In its early years HPA focused on developing holiday play schemes and had helped communities and groups set up over twenty-four projects by the early eighties. The association then "mapped the gaps" in borough-wide provision and created projects to fill them. As each project became viable it was floated off as an autonomous organisation, with its own management and charitable status. Successful examples are still in operation, over 20 years later.
In the late eighties, as the GLC and ILEA were abolished and funding structures changed, HPA concentrated on persuading the council to maintain funding for existing play and child-care providers. As a result, the council committed to 1 million pounds worth of direct and grant-aid funding to projects in Hackney, securing over thirty holiday play schemes, seventeen school-based play centres, six adventure playgrounds and six other projects.
The next five years - Consolidating play provision
In the nineties, as HPA developed new projects once more, Play on Estates was set up as a mobile project working on four large estates, funded by the Urban Programme and specifically aimed at Turkish, Kurdish, Somali and Bengali and other refugee and displaced communities living in emergency or short-term housing on the estates, and helping them to integrate with the majority communities. Our research showed that the target communities were reluctant to use play facilities unless play workers from their cultures were employed, but we couldn"t recruit experienced play workers from these communities because of a lack of training and experience.

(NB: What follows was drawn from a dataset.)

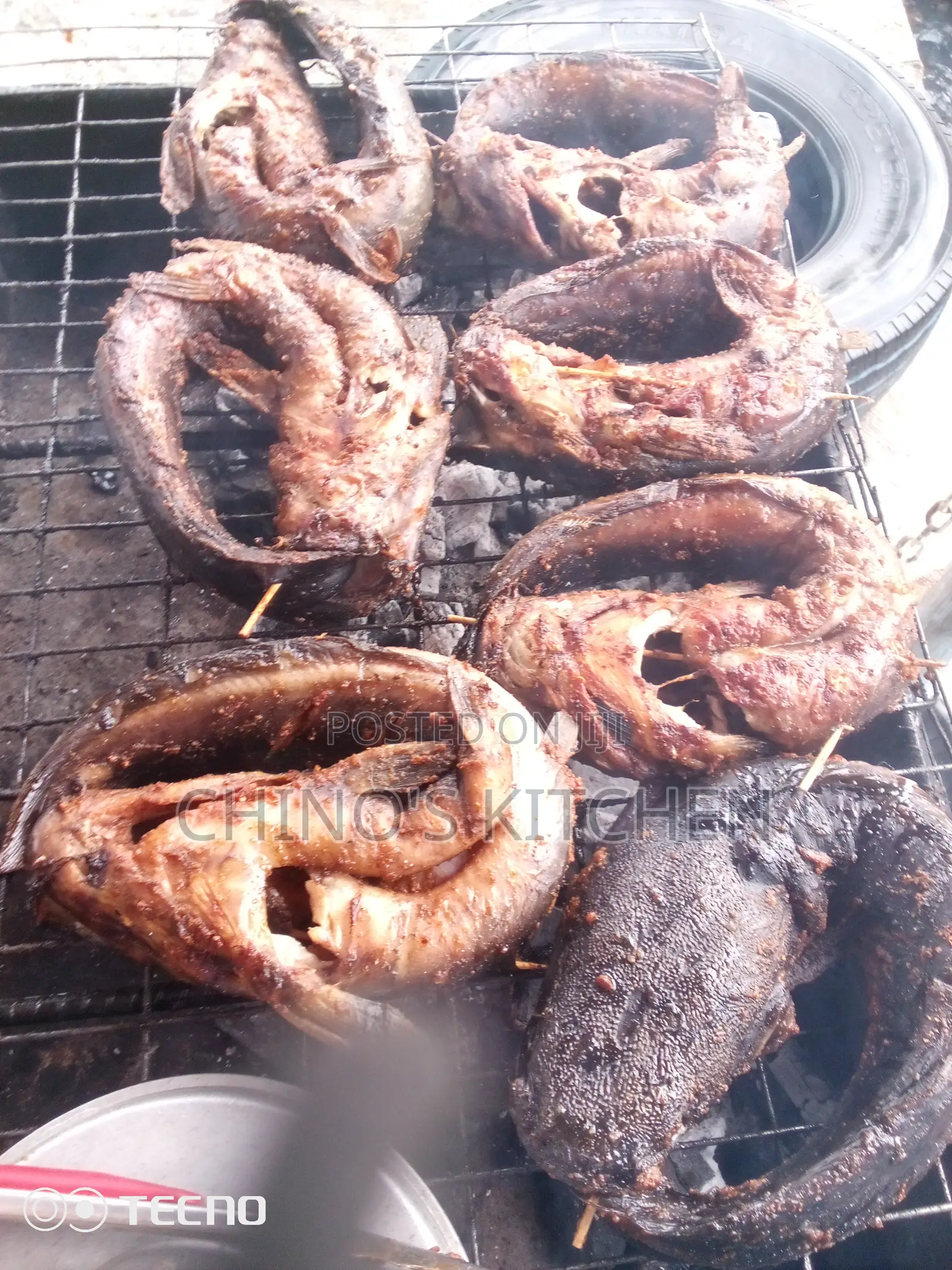 Well Grilled Catfish With Chips and Source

We responded by setting up a three-year New Communities Training Project, funded by BT in the Community and a variety of other funders, to provide year-long full-time training courses linked to the newly developed NVQ in Play & Play work, with substantial placements on existing play projects. Our monitoring of the placements showed that there was a need for in-service training for existing play workers, and for infrastructure support to improve the physical environment in many play sites.
Again, monitoring revealed a wider need for in-service training in play work practice and additionally for infrastructure support, to improve physical play-site environments. As a result, in 1996, HPA set up in-service training to NVQ Levels 2 & 3 in Play and Play work alongside associated training, such as Health and Safety, First Aid, Child Protection and Design & Build.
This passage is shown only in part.